Anna Yen, CFA, is a financial wellness expert with two decades of experience in financial markets. This includes on the trading floors of JPMorgan and as a Director at UBS. She specializes in personal finance, derivatives, and alternative investments including crypto.
Over to Anna.
A major part of adulting involves resisting the urge to blow your extra cash and stick it in savings instead.
Typically, experts recommend saving anywhere from 10-30% of your income. But that leaves a lot of wiggle room – and an important question: how much should you save?
As it turns out, there’s not one right answer. Cleo’s here to help you determine for yourself how much to save for big goals, by age, and more.
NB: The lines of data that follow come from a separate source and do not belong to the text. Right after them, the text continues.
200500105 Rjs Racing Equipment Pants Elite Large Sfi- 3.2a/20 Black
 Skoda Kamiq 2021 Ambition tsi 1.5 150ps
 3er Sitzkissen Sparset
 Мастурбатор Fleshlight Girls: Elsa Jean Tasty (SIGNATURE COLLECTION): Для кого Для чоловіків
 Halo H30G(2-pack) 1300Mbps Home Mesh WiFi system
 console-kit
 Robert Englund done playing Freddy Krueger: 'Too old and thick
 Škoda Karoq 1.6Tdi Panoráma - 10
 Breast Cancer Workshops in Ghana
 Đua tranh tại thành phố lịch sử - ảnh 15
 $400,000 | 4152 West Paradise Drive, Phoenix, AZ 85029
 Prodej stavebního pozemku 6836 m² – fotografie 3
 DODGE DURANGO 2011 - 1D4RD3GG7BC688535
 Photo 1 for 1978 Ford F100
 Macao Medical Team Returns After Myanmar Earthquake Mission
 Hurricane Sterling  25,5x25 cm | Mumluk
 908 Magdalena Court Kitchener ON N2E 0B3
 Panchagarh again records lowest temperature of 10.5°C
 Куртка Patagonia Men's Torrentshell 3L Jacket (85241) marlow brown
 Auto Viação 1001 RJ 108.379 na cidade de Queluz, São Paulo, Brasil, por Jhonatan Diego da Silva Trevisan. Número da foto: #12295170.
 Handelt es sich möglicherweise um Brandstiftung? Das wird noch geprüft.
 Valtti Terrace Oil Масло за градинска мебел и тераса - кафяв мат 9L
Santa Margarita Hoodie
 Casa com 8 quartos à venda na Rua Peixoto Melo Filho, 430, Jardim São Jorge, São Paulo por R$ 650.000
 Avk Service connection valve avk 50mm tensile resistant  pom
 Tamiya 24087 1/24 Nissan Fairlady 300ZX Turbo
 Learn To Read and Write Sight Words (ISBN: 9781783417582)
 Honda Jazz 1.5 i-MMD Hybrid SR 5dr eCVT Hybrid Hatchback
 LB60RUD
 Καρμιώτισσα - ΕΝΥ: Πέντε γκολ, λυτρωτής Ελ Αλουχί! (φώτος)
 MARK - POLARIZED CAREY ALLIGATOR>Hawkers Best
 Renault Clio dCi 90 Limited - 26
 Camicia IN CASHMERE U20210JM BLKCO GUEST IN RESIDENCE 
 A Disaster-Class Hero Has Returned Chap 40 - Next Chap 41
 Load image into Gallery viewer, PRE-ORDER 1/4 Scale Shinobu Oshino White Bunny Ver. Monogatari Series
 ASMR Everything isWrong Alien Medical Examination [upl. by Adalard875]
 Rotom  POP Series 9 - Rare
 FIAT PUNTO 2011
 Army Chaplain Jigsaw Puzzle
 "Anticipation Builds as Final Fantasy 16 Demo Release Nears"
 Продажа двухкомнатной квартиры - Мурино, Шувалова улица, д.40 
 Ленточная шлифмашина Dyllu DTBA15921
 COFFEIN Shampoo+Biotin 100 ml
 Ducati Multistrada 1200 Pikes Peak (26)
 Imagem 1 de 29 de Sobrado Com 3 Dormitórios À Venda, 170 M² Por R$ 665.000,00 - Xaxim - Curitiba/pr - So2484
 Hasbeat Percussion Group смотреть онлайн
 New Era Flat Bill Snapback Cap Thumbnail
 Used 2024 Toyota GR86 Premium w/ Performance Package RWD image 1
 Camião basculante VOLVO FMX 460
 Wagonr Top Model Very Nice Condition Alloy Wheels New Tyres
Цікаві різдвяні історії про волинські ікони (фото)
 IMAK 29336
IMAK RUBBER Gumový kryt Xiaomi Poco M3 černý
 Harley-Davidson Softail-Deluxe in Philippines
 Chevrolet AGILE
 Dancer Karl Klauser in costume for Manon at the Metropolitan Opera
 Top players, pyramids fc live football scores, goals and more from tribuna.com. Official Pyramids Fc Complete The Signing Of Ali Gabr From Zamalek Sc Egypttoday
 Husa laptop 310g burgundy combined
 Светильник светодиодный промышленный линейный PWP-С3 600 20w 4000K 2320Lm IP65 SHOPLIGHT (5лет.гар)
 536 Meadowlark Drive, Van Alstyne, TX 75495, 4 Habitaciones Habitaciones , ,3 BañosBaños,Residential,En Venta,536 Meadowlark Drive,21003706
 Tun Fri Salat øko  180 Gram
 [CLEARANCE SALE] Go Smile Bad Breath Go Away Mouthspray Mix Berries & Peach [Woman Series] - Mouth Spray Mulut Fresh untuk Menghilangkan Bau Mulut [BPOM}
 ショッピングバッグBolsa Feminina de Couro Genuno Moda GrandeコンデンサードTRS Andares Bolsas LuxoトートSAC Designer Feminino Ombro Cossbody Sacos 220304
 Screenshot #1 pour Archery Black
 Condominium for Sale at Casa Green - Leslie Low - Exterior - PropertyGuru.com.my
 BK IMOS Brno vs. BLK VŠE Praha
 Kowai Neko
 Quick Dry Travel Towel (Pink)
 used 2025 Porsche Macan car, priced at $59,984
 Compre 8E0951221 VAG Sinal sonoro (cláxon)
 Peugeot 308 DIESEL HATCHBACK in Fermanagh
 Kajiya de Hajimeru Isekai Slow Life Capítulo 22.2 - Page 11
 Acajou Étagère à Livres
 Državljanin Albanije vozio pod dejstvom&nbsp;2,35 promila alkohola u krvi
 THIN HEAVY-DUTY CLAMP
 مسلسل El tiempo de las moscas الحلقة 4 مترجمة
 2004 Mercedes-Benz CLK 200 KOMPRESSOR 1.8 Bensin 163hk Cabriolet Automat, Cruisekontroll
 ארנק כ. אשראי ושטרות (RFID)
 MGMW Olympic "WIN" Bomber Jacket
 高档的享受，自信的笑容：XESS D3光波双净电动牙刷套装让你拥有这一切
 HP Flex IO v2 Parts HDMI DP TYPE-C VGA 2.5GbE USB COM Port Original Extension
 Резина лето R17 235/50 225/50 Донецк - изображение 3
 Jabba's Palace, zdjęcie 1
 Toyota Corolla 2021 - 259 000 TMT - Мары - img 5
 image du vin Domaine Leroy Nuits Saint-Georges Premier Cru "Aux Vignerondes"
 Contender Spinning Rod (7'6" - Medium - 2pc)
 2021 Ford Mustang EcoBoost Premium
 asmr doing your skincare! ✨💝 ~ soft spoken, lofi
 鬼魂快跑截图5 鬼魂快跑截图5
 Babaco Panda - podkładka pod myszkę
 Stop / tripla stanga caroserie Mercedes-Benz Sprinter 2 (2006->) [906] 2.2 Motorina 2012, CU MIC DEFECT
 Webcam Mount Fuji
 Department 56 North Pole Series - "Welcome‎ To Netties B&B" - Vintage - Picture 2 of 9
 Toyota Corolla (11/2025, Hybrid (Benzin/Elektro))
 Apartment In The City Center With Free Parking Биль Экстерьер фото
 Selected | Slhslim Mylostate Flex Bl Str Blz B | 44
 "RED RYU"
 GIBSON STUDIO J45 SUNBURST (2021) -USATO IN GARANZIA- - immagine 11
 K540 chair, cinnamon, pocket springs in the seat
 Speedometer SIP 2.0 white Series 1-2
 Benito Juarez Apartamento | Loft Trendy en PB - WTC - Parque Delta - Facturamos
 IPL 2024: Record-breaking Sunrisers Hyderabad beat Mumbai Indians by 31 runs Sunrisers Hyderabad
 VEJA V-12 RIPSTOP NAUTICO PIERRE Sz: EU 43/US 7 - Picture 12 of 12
How Much Should You Save for Retirement?
Most experts suggest saving 10-15% of your pre-tax income for retirement alone. If you hope to achieve millionaire status, you’ll want to top out that range – and then some.
You can save through vehicles like a 401(k), individual retirement account (IRA), and brokerage accounts. If your employer offers a 401(k) match, add that to your savings, too. (E.g., you save 7%, your employer contributes another 3%, that makes 10%!)
But don’t just go by general advice – it’s better to have a specific target in mind. Retirement calculators can help you figure out how much you’ll need in retirement based on your income and lifestyle preferences.
How Much Should You Save for Retirement by Age?
Small savings add up to big bucks over time, and there’s no “right” way to save. Instead of setting exact numbers, investment giant Fidelity recommends setting income-based retirement savings by age, like so:
- 1x your annual salary by age 30
- 3x your annual salary by age 40
- 6x your annual salary by age 50
- 8x your annual salary by age 60
- 10x your annual salary by age 67
This structure also gives you room to adjust your savings goals by earnings, which should rise as you gain more experience in your career.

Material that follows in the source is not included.